Li Qiye üzerine kumar oynamak isteyenler bunu duyduktan sonra vazgeçti. Li Qiye ve Qianyue arasındaki düelloyu hatırladılar. O zaman kesinlikle onu yok edecek ve bu koşullardan bazılarını imkânsız hale getirecekti.
“Pekâlâ, sadece bir ya da iki sikke yeterli.” Birkaç öğrenci, imkânsız olasılıkları bilmelerine rağmen bahse girecek kadar sıkılmıştı. Bu bir “ya olursa” durumuydu. Kazanmak onları hemen zengin edecekti.
Li Qiye de bu kumar oyunlarını duydu ve sırıttı.
“Peki ya birincilik?” Yakınlarda duran Lu Daowei’ye sordu.
“Beş yüz bin olduğunu duydum.” Daowei de Li Qiye üzerine bahis oynamak isteyerek başını kaşıdı.
Bu ödeme çılgınlıktı çünkü kumar organizatörleri Li Qiye’nin birinci olma şansının sıfır olduğunu düşünüyorlardı. Yine de bundan kâr edeceklerdi.
“Gerçekten ödeyebilirler mi?” Li Qiye kıkırdadı.
“Organizatörlerin Divine Black’te geniş kaynaklara sahip kodamanlar olduğunu duydum. Bu bahisler her sınavda yapılır, güvenilir olmalılar.” Daowei sessizce cevap vermeden önce etrafına bakındı.
“Ne üzerine bahse girdin?” Li Qiye sordu.
“Ben, senin ilk yüze girmen için bahse girdim, ama çok fazla değil.” Daowei alaycı bir şekilde gülümsedi.
İlahi Siyah’taki hiç kimsenin Li Qiye’den umudu yoktu. Bu nedenle, çok az kişi bu tür bahislere giriyor ve sadece küçük miktarlar yatırıyordu.

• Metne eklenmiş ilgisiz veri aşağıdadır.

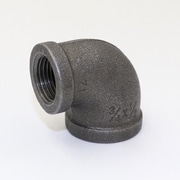 FLOBAL 径違いエルボ BRL-0804-黒 1"x1/2 00922811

Lu Daowei bu bahse girdiği için bile Li Qiye’ye çok güveniyordu. Ne de olsa burada binlerce öğrenci vardı. İlk yüze girmek bile yeterince inanılmazdı.
“Birincilik üzerine bahse girin, tüm paranızla, yapın.” Li Qiye kayıtsızca şöyle dedi.
“Birinci-?” Daowei şaşkına döndü. Bu, Li Qiye’nin Gong Qianyue’yi yenmesini de içeriyordu. İkisi arasındaki olası savaşı düşünmeye başladı.